Memories from son, Ed Scott
Ed “Skip” Scott
When first asked what he loved about spending so much time at Tahoe, Skip, after thinking for a bit, spoke with a little “catch” in his throat, “It was just magical, a special time, every day was a new adventure! The local folks were a tight-knit group and the summer people helped out whenever they could, bringing an added measure of support to the whole community. Everyone looked out for one another. You were safe to walk around anywhere; all the way into Tahoe City; sit at the fountain at Jay Shortz’s Drug Store and nobody would bother you. At Christmas time we would all go down under Big Tree to celebrate—Santa would come—there were presents for all of the kids and plenty of good food. It was a wonderful time!”

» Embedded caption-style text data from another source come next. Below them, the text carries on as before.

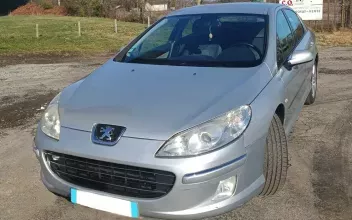 Peugeot 407 Fromental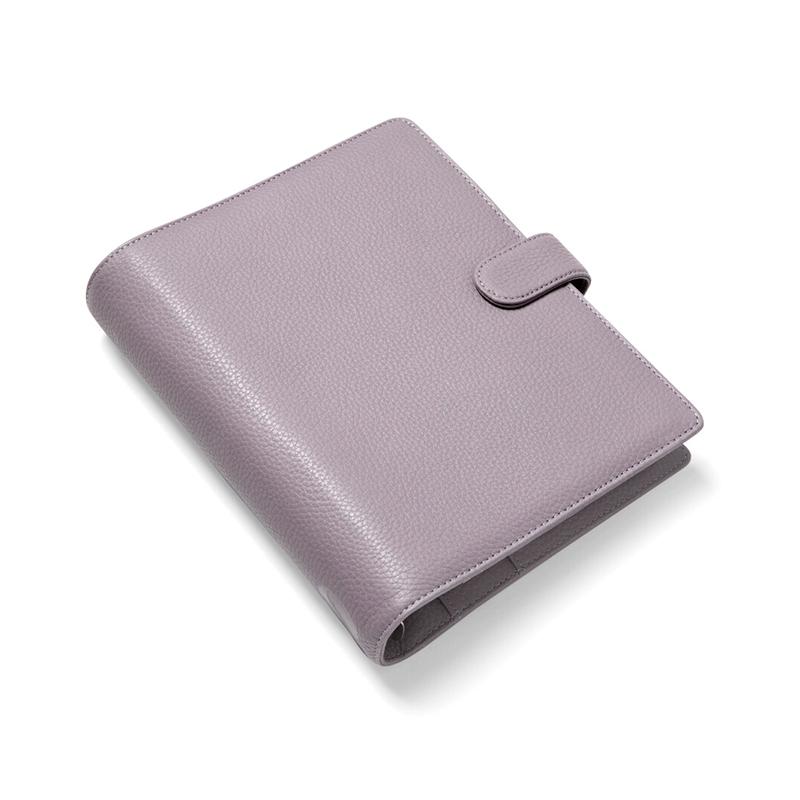 Filofax ノーフォーク A5 ラベンダーの画像
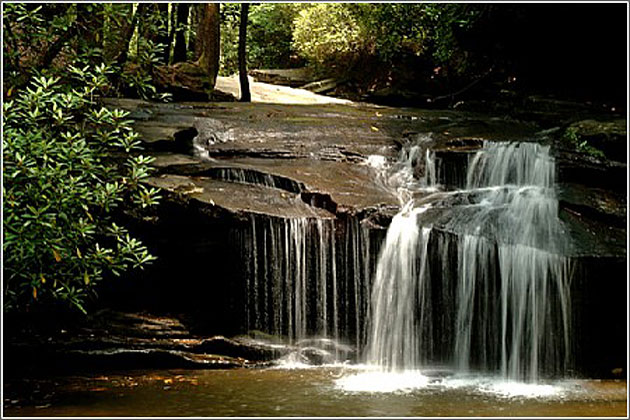 Mountain Falls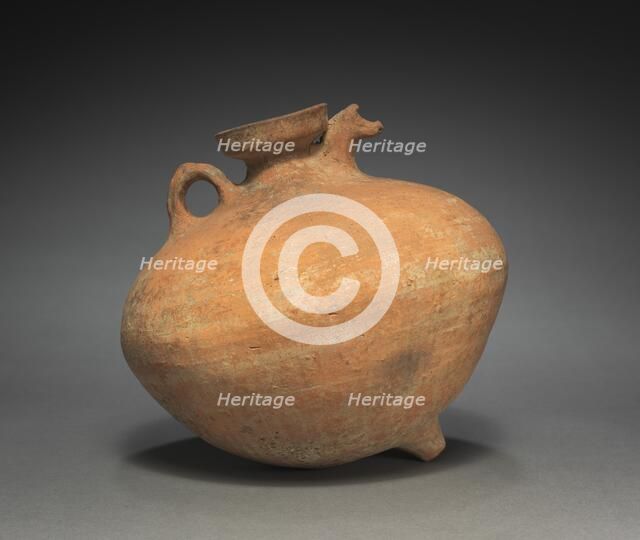 Rhyton, c. 1000-800 BC. Creator: Unknown.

“We stayed through the year a couple of times and I went to school with the local kids and made lots of good friends. I made my First Communion at Corpus Christi. Tahoe Tavern was the best place, really the “center of my universe”. My Dad rented part of the Tavern’s pier to keep his boats so, in the morning I went down there to wash the boats and at noon I would go up to the coffee shop to eat. I knew all of the employees, even Sam the Barber and his wife knew me; so did the theater manager. When I went to the movies there were bats flying around by the ceiling. It was a great place and there was lots to do.”
“We lived near Cedar Point and on some of those warm summer days, I would take Pepper, my dog, and we would walk through the woods down to the State Road. I’d take a bunch of Sugar Pine Cones and my money can and we would sit by the side of the road waiting for the tourists to drive by. Maybe only one car would come by every half hour but they would stop, and I would sell them some cones”
“It was a small community, about 320 local people. When I was younger and came back each summer to work at Sierra Boat, those special people were still around. I lived with Pat Bagan (General Manager of Sierra Boat) during the summer months and we had fun. Even at 18, I had a charge account at Sunnyside!”
“Thinking back, it was a really great experience growing up in that time—a great era. Sometimes, just sometimes when I’m lucky, I get a little glimpse of it somewhere, just enough to remind me of how it was."

Ed Scott sitting on Baby Skipalong showing her rare original Packard 1M-621 Gold Cup race engine.